Comment by scaryclam
8 years ago
I don't think it's fair to say that the originators of man pages didn't understand what their users were looking for. In most cases, the authors are the users, and when they were first created, that was pretty much the only user base they had. Man pages are manual pages, not howto pages.
If I'm looking at a man page, it's pretty much always because I want to look up one of the options, not how to use the command itself. Adding that sort of howto clutter would make it a whole lot harder to use the pages properly. Why not leave man pages alone and just focus on info pages again (http://www.troubleshooters.com/linux/info.htm)? That was always the go-to for more verbose descriptions and has much more of a howto vibe about it.
>Man pages are manual pages, not howto pages.
Isn't that a made-up distinction though?
Who said manuals can't have representative examples for how to do certain tasks?
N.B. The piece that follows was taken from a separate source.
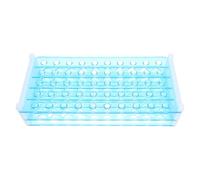 HEALEEP Support pour Tubes à Essais 50 Emplacements en Plastique Léger 3 Niveaux 15 Mm pour Laboratoire et Matériel Scolaire Facile à Installer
Product manuals (including software product manuals) almost always do. They don't just enumerate features and flags.
> Who said manuals can't have representative examples for how to do certain tasks?
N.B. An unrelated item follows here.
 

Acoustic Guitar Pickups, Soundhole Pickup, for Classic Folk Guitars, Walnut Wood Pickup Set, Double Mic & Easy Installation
Dennis Ritchie defined what goes into the manual in the 3rd edition of UNIX, at the behest of Doug McEllroy. Ken Thompson also did some work on man pages, and I believe Lorinda Cherry was involved too. As I understand it (and I could be wrong though) the terseness of man pages was Ritchie's design, with input from Thompson.
Which might have been good for late 70s -- and the main users being academics and the designers of the system itself, but might not be as good for late 2010s.
Besides, we already have the Examples section, would it be too much to ask to have it better (or at least somewhat) utilized in all manpages?
We could even have different sections, shown with flags, and keep regular output as it is.